1.e4 e5 2.Sf3 Sc6 3.Lb5 a6 4.La4 Sf6 5.0–0 b5 6.Lb3 Lb7 7.Te1 Lc5 8.c3 d6 9.d4 Lb6 10.a4 h5 11.axb5 axb5 12.Txa8 Dxa8 13.Sa3 exd4 14.cxd4 La6 15.e5 dxe5 16.dxe5 Sg4 17.Lxf7+ (Ein Mogelversuch)

17...Ke7 18.Kf1 b4+ 19.Sc4 Td8 20.Dc2 Kxf7 21.Df5+ Sf6 22.Dc2 b3 23.De2 Sd4 24.Sxd4 Txd4 25.Kg1 Lxc4 26.Df3 Dxf3 27.gxf3 0–1

Durch den Sieg bei der Nordamerikanischen Meisterschaft war Hightech natürlich auch heißer Favorit für die fünfte Computer-Weltmeisterschaft 1986 in Köln!

Einen ganz anderen Weg im Computerschach beschritt hingegen Hans Zellner, Programmierer aus München, den das perfekte Endspiel, das Belle gegen Browne exerziert hatte, faszinierte. Zellner beschloß daraufhin auf einem Commodore 64 ebenfalls ein perfektes Endspiel zu programmieren. Angesichts des für heutige Verhältnisse steinzeitlichen Speichers von nur 64 Kilobyte, eine nicht hoch genug anzurechnende Leistung! Wenig später wurde der Welt sein Programm vorgestellt, das das Endspiel König + Turm gegen König perfekt beherrschte! 1986 stellte er weitere Endspiele (König+Dame gegen König sowie König+Bauer gegen König) vor und große Ehre wurde ihm zuteil, indem sogar die Herausgeber der Endspielenzyklopädie sich nicht trauten Analysen zu veröffentlichen ohne vorher seine Programme befragt zu haben!

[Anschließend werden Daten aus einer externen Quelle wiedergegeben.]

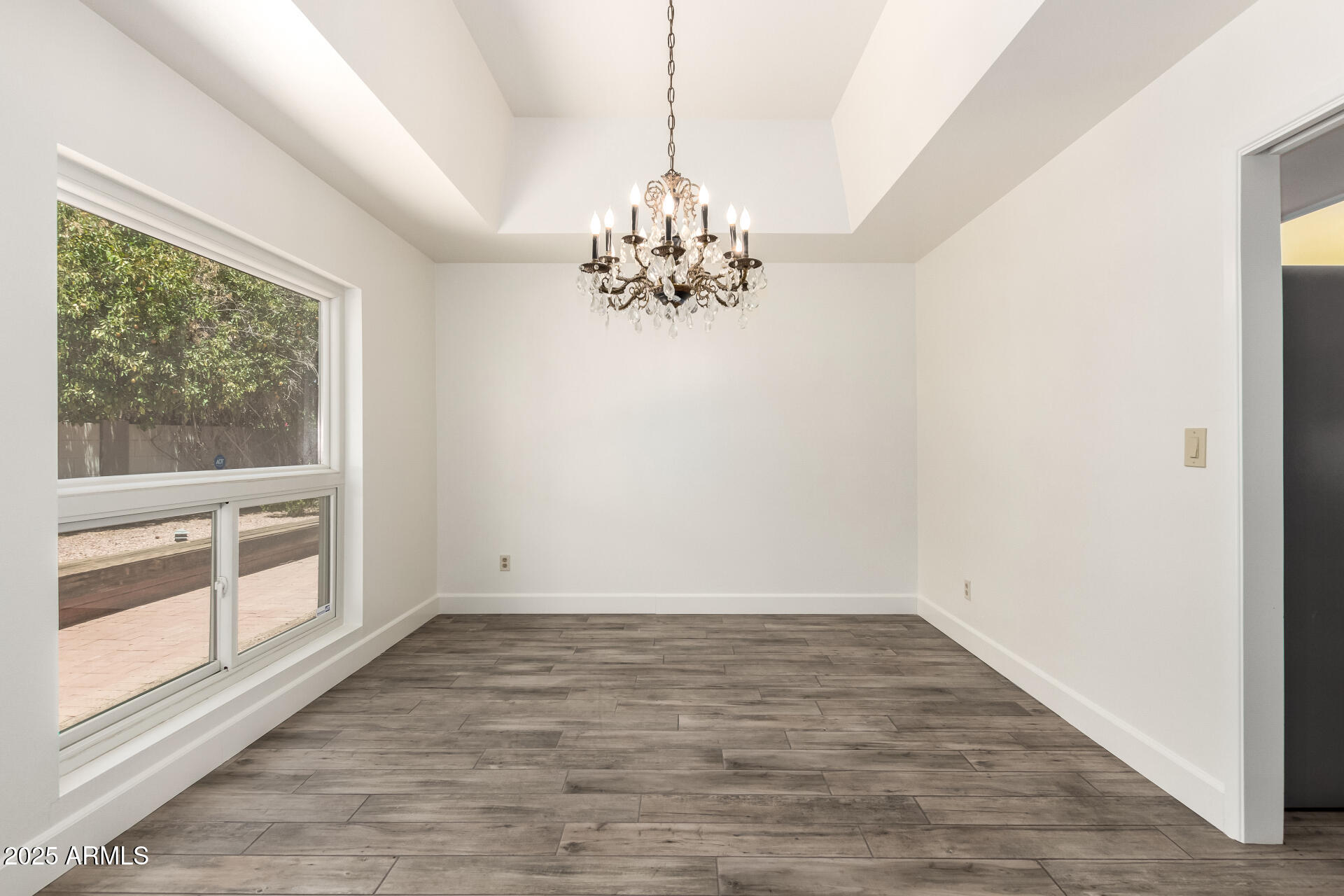 38 E CALAVAR Road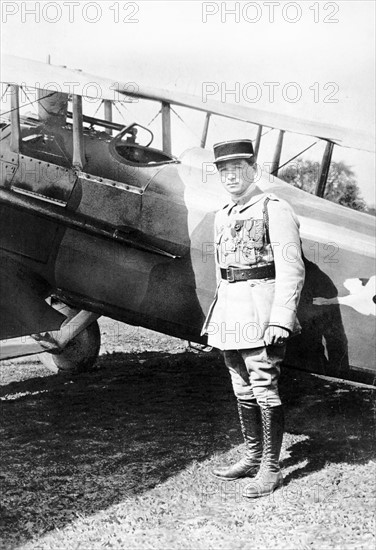 - Le Sous lieutenant Fonck - Premier Officier de la légion d'honneur après six victoires aériennes de l'après-midi du Mars 1918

Aber auch Belle-Autor Ken Thompson hatte in der Zwischenzeit weitere Endspiele untersucht. Das erstaunlichste Ergebnis lieferte dabei wohl seine Analyse des Endspieles König+zwei Läufer gegen König+Springer. In der Theorie wurde dieses Endspiel als zwingend Remis erachtet, doch Thompson wies nach, daß dieses Endspiel gewonnen war und zwar in maximal 66 Zügen! Das größte Problem dabei ist die 50-Züge-Remis-Regel. Aufgrund dieser Regel könnte ein Spieler mit dem Springer in einer Maximalstellung theoretisch Remis reklamieren, da sein Gegner nicht mehr innerhalb der 50 Züge gewinnen kann! Aufgrund dieser Ergebnisse sah sich der Weltschachverband FIDE später gezwungen für einige Endspiele die maximale Zügezahl auf 75 Züge zu revidieren! Ein enormer Erfolg für das Computerschach. Eigentlich hätte Thompson einen weiteren Preis aus dem Fredkin-Font verdient!